Red Curry Tofu with Coconut Chile Carrots and Bok Choy
If you have approximately 45 minutes to spend in the kitchen, Red Curry Tofu with Coconut Chile Carrots and Bok Choy might be a tremendous gluten free, dairy free, lacto ovo vegetarian, and vegan recipe to try. For $1.46 per serving, this recipe covers 23% of your daily requirements of vitamins and minerals. One serving contains 275 calories, 10g of protein, and 14g of fat. This recipe serves 6. 28 people were glad they tried this recipe. A few people really liked this Indian dish. This recipe from Joanne Eats Well with Others requires dark brown sugar, brown sugar, thai red curry paste, and soy sauce. It works well as a side dish.
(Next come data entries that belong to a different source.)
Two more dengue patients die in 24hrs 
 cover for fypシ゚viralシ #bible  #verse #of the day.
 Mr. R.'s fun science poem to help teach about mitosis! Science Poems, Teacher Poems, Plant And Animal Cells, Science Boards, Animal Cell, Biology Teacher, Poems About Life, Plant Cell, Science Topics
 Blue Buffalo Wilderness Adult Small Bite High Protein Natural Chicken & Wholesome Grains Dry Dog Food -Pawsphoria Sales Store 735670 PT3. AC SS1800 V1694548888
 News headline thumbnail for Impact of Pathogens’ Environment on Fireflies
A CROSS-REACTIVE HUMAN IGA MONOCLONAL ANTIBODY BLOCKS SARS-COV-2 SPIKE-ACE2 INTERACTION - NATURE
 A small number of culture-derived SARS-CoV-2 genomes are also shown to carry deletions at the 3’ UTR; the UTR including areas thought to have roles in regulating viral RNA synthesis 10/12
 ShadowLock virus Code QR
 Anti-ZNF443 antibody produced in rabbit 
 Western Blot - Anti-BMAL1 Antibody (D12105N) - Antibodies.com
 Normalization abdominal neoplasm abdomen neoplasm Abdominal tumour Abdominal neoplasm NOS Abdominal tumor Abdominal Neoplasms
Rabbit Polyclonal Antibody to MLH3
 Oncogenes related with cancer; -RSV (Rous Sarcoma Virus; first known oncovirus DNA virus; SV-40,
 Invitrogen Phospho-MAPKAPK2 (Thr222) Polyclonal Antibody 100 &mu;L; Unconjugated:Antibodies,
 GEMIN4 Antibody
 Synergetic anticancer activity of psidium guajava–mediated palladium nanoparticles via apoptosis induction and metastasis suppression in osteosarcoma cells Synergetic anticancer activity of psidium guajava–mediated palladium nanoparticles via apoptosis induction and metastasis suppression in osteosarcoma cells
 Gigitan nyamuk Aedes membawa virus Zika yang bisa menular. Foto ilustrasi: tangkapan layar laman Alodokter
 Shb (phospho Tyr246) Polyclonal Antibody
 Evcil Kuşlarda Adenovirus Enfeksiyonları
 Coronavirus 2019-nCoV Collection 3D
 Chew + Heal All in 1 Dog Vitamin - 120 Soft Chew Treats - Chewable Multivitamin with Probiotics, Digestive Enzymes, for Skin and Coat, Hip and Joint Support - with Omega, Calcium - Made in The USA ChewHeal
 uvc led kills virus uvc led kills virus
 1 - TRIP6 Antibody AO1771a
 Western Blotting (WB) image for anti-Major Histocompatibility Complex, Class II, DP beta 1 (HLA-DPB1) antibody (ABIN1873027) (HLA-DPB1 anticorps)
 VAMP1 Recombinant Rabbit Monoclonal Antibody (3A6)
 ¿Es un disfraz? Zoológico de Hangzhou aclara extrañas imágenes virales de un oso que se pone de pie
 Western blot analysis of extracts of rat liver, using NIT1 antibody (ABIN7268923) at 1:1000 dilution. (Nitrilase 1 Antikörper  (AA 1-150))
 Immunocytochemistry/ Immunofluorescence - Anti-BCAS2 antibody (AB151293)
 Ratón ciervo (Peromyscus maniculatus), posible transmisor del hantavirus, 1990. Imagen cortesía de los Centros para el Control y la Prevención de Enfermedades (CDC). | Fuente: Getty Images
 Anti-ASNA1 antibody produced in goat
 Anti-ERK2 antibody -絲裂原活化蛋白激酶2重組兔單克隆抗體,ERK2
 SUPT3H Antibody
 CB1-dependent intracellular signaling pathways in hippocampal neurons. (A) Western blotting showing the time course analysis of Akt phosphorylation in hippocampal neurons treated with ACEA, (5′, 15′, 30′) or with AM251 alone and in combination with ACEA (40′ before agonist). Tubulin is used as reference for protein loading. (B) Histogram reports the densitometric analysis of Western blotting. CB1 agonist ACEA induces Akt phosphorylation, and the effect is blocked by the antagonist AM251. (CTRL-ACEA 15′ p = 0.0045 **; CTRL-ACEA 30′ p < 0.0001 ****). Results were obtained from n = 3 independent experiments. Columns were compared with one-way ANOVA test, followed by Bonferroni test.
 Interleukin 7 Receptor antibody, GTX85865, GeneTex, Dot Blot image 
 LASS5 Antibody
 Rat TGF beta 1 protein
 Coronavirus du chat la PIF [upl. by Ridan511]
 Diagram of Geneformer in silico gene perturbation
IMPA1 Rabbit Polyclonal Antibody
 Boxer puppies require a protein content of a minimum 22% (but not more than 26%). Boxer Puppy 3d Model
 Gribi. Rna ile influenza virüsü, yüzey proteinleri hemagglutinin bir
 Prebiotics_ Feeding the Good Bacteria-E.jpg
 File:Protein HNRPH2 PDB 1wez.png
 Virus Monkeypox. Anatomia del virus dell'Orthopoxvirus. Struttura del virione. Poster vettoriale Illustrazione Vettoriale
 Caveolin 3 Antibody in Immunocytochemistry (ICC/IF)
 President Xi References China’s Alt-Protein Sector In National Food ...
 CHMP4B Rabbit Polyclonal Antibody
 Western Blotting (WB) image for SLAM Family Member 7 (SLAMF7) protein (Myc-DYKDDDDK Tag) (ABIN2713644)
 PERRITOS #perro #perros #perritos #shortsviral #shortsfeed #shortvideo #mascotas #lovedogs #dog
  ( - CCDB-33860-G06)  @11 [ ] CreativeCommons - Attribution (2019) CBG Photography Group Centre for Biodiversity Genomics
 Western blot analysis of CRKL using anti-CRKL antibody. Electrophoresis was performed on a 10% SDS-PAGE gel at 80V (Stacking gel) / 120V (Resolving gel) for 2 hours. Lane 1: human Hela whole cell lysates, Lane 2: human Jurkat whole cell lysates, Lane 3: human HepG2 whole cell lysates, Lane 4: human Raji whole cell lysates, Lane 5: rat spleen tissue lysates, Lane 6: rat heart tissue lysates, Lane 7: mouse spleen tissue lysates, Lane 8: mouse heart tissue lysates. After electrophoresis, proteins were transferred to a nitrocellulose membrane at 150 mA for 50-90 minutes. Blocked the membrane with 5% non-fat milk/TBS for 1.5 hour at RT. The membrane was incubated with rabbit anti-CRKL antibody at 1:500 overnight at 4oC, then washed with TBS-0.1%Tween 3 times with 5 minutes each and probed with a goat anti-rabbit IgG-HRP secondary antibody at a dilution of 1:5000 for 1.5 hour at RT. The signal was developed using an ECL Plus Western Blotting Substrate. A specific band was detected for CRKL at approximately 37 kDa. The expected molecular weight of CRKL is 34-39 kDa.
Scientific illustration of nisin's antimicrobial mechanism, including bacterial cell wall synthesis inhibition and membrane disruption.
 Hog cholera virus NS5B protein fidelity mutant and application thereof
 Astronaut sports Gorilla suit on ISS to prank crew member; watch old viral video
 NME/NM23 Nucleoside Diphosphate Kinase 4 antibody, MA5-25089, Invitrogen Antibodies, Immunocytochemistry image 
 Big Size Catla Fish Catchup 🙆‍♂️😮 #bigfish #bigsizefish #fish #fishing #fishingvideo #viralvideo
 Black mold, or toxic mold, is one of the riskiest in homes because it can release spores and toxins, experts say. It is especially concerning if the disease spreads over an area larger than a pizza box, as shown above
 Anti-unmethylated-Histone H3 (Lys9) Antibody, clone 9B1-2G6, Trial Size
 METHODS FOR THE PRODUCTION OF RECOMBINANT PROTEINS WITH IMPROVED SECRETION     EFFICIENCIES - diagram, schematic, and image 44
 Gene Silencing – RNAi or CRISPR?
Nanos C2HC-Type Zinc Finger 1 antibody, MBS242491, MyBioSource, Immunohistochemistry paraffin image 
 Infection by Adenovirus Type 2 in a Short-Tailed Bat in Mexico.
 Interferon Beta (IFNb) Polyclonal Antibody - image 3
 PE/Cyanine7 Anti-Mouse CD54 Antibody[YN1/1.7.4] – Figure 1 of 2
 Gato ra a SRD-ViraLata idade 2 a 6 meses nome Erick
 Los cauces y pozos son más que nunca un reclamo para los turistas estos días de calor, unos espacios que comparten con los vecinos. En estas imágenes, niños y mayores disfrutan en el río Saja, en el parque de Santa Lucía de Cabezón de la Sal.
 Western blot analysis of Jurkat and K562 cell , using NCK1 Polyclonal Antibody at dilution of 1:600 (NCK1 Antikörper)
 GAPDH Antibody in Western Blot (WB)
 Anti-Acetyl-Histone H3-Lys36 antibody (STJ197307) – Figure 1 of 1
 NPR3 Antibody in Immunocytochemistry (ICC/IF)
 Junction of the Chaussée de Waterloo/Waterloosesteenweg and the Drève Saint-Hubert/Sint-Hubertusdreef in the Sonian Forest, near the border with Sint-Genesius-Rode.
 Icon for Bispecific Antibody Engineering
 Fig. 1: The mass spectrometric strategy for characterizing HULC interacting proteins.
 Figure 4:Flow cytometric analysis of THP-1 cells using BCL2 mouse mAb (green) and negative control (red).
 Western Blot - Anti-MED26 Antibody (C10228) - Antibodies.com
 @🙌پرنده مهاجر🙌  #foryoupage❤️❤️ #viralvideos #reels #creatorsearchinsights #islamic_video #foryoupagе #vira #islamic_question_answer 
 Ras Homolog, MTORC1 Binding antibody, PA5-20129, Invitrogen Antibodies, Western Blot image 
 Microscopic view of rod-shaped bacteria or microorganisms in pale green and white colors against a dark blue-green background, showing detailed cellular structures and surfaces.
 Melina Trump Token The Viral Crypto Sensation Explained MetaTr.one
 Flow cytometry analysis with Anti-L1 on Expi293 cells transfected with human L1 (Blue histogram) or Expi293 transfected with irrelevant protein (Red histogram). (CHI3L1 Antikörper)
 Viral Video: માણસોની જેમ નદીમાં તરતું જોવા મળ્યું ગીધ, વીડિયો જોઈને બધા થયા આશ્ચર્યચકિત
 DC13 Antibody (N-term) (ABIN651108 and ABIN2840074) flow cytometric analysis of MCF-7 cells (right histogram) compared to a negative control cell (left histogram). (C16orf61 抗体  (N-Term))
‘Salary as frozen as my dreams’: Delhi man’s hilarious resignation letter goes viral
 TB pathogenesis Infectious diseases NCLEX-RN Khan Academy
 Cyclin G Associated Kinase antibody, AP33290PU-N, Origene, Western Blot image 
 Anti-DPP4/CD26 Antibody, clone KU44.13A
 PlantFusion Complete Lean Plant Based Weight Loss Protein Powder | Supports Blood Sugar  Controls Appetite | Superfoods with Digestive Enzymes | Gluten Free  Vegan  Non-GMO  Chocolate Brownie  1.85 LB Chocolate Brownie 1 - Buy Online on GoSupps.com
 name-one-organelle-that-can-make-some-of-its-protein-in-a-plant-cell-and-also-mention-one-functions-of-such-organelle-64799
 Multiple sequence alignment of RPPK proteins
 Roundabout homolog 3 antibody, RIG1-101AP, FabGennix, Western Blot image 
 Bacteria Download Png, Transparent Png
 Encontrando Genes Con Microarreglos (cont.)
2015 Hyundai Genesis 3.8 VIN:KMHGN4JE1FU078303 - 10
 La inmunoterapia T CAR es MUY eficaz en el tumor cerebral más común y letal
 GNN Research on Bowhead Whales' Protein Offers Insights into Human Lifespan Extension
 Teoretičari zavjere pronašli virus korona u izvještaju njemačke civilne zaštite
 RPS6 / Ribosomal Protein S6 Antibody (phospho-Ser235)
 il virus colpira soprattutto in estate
Overall, this recipe earns a good spoonacular score of 78%. If you like this recipe, you might also like recipes such as Sesame Red Curry Chicken with Bok Choy and Sweet Coconut Rice, Tofu Curry with Bok Choy and Peanuts, and Bok Choy, Red Pepper & Tofu Stir Fry.
Servings: 6
Ingredients:
1 head bok choy, coarsely chopped
2 tbsp brown sugar
1 tbsp canola oil
1 1/2 lb carrots, peeled and cut into 3-inch lengths
1 cup coconut milk
1/4 cup dark brown sugar
1 tbsp minced ginger
1 jalapeno, seeded and minced
1 tbsp fresh lime juice
1/2 red onion, cut into 1/2-inch slices
1/4 cup soy sauce
2 tbsp Thai red curry paste
12 oz super firm sprouted tofu, cut into 1-inch rectangles
Equipment:
bowl
oven
baking pan
whisk
wok
Cooking instruction summary:
Heat oven to 450F.For the carrots, in a large bowl, combine the oil, sugar, lime juice, soy sauce, and coconut milk. Toss together with the carrots, onion and chile. Season to taste with salt. Pour into a large baking pan and roast for 45 minutes, or until carrots are tender, stirring every 15 minutes. Meanwhile, prepare the tofu. In a small bowl, whisk together the sugar, soy sauce, red curry paste and ginger. Set aside. In a large wok, heat the oil over medium heat. Add the tofu slices and saute until lightly browned on each side, about 5 minutes per side. Add in the bok choy and saute until wilted, 2-3 minutes. Stir in the sauce and cook for a few minutes more, allowing the flavors to combine.Serve the tofu and carrots atop a bed of rice or quinoa.
Step by step:
1. Heat oven to 450F.For the carrots, in a large bowl, combine the oil, sugar, lime juice, soy sauce, and coconut milk. Toss together with the carrots, onion and chile. Season to taste with salt.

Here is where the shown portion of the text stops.